Students learn from mock crime scene in Crestview Hall


Bernadette Jessie, social science professor designed this in a way that allowed for students to learn condensed versions of both forensic psychology and forensic science.

Jordan Williams, Staff

In the Crestview staff lunch area, a room that is blandly furnished for the sake of functionality with decorations that cater to the same level of excitement as the intended purpose of such a space, the body of a middle-aged man lies on the floor with the dark, but unmistakable hand of a knife crudely protruding from the mid-section of his back.

Behind him, thin streaks of crimson gild the otherwise blank wall and in a far off corner sits a puddle of vomit, its relevance to the scene likely to be significant, but yet to be determined.

At a quick glance it is clear that this room designated for staff lunches housed a struggle that at some point had turned maliciously violent, at least that is what Social Science professor Bernadette Jessie hoped for as she began staging the mock crime scene for her forensics class.

On January 29, groups of students huddled together in the cramped margins of the Crestview faculty break room, where they were instructed to approach the violent scene laid out before them as if the consistent trails of red on the walls were authentic and the lone puddle of vomit wasn’t store-bought.

Brittani Hatley, a criminal justice major, casually, yet cautiously shifts about the room, taking note of everything that is stumbled upon, aware that anything could be a significant piece of evidence in the unique exercise.

“The main reason that I enjoyed the assignment was that it showed me that I am in the right field and it really gave us a hands on look at being a first responder,” Hatley said.

Through a paneled window, Jessie watches as her students begin carefully placing yellow evidence cards with gloved hands.

“In the past I’ve just done this in the classroom and we’ve not used a real body,” Jessie said, referring to her husband lying motionless as students continue inspecting the room.

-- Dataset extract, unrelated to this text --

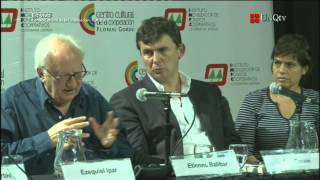 Conferencia de Etienne Balibar  UNQTV [upl. by Leighton]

While some facilities are better equipped to house a mock crime scene similar to the one that Jessie put together, she didn’t allow the department’s lack of resources hinder the learning outcome that she had hoped for when implementing some necessary creativity to the exercise, something that can be recognized in the faux mists of blood that she put together at home.

“I’m sure that my neighbors thought that I was crazy,” she said.

Due to the department being short-staffed and experiencing a deficit of resources, Jessie came up with the idea of designing the course a couple of years ago and constructed her lesson plan in a way that allowed for students to learn condensed versions of both forensic psychology and forensic science.

As the first group of students finished up their investigation, making sure that everything is as exactly as it were before entering then removing their gloves, Jessie smiles and watches them shuffle out of the room with the second group trails in, their interests clearly sparked upon seeing the sprays of crimson decorating the walls.

Some students immediately begin taking measurements of the room and begin sifting through what may or may not be evidence, each of them clearly interested in the exercise that Jessie has put together.
“Students love sexy stuff,” she points out.